=== WORK ORDER ===
Omit the pictures and return exactly the stretch of the material below from the line with "Postal ¡Boo! (Tarjeta" through the line with "BTEXPERT 80 Gallon".

=== DATA TO USE ===
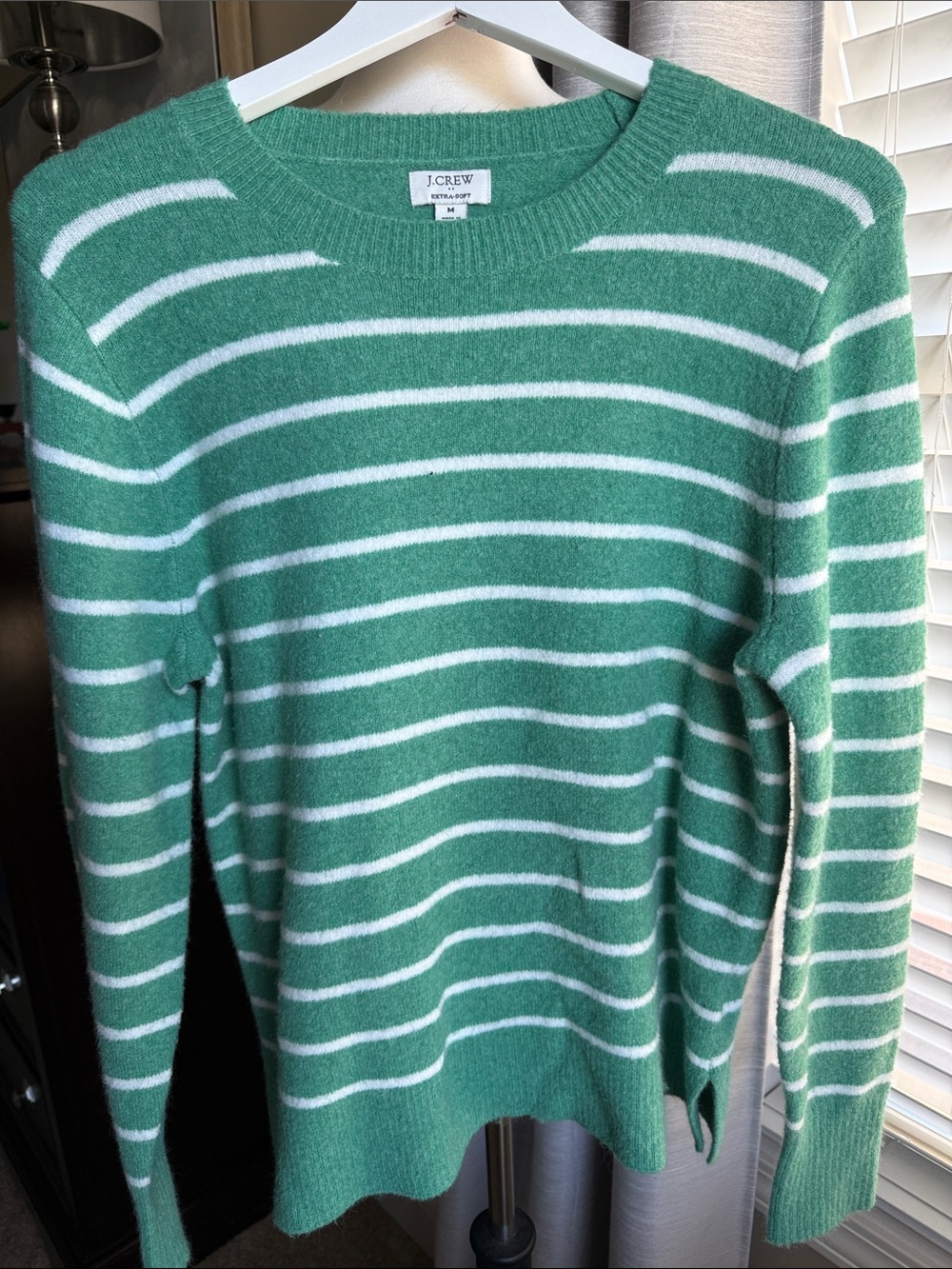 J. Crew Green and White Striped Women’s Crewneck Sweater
---
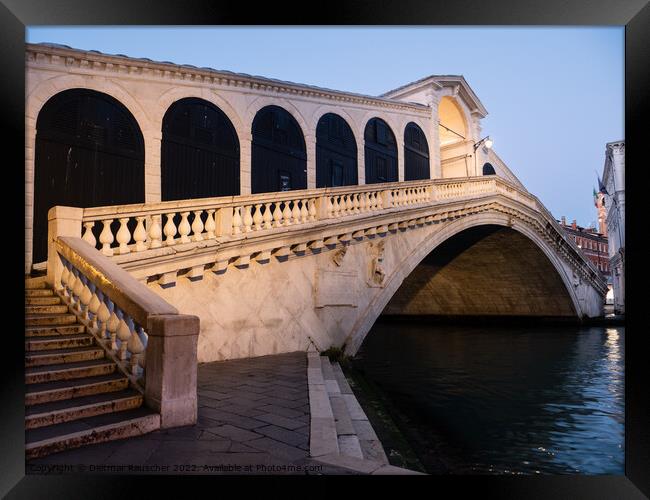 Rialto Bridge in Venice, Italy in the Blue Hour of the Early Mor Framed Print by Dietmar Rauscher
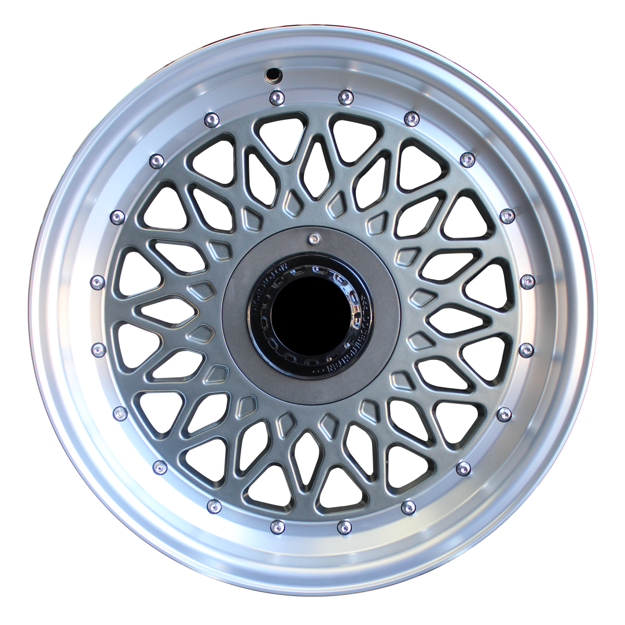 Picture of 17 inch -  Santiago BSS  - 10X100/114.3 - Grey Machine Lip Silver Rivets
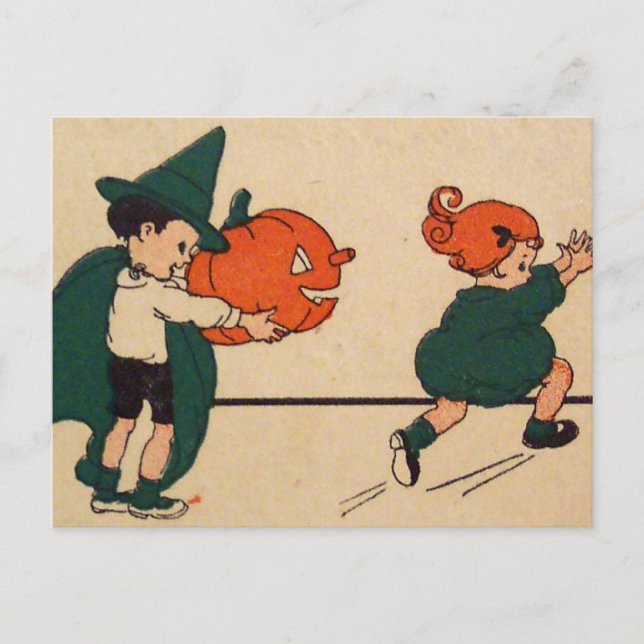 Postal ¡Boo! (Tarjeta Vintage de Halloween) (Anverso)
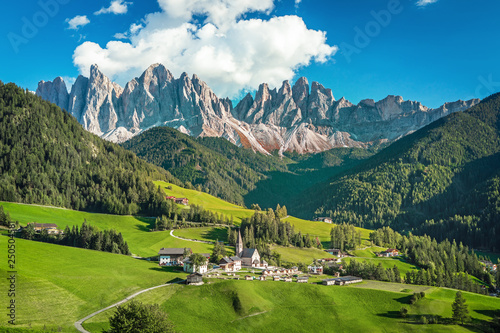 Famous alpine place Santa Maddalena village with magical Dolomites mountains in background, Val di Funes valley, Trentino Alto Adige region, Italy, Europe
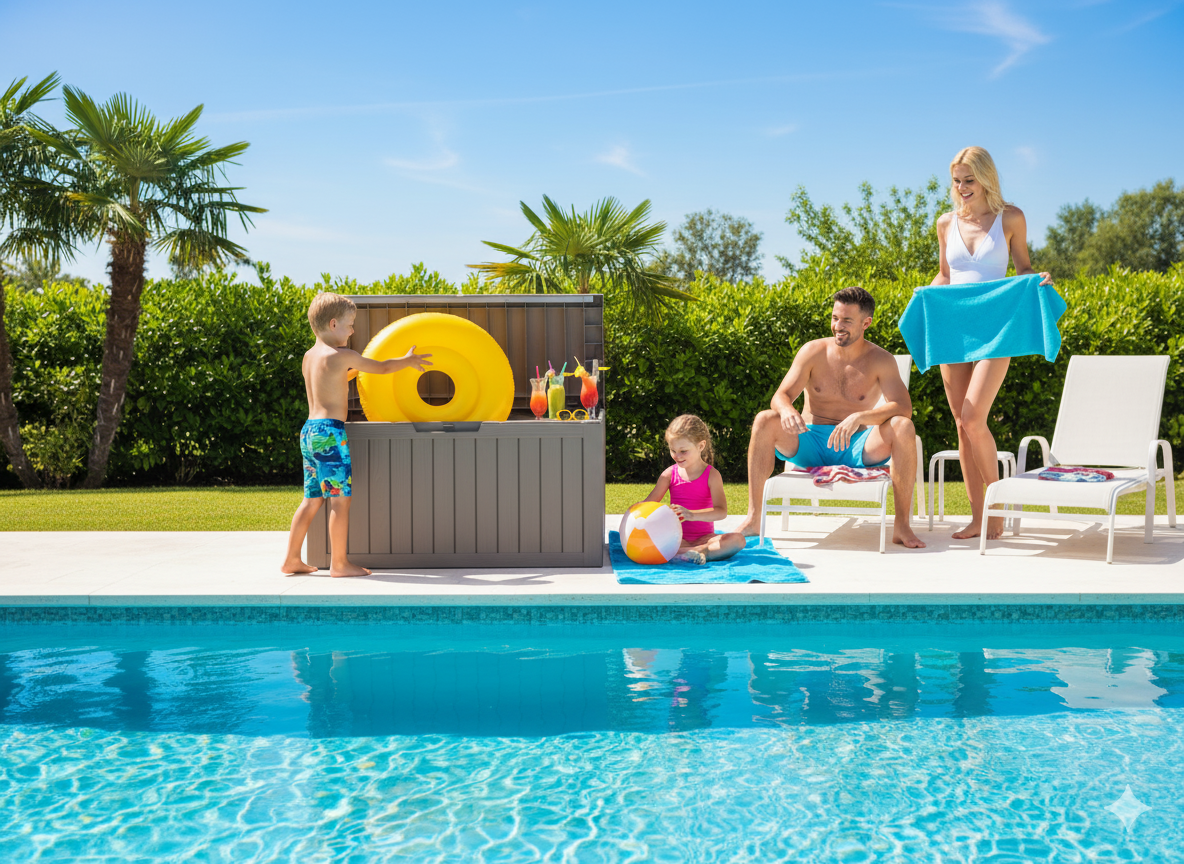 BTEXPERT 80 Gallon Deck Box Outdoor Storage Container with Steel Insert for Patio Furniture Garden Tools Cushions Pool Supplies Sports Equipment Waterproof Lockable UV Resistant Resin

=== ANSWER TO THE PROBLEM ===
 Postal ¡Boo! (Tarjeta Vintage de Halloween) (Anverso)
 Famous alpine place Santa Maddalena village with magical Dolomites mountains in background, Val di Funes valley, Trentino Alto Adige region, Italy, Europe
 BTEXPERT 80 Gallon Deck Box Outdoor Storage Container with Steel Insert for Patio Furniture Garden Tools Cushions Pool Supplies Sports Equipment Waterproof Lockable UV Resistant Resin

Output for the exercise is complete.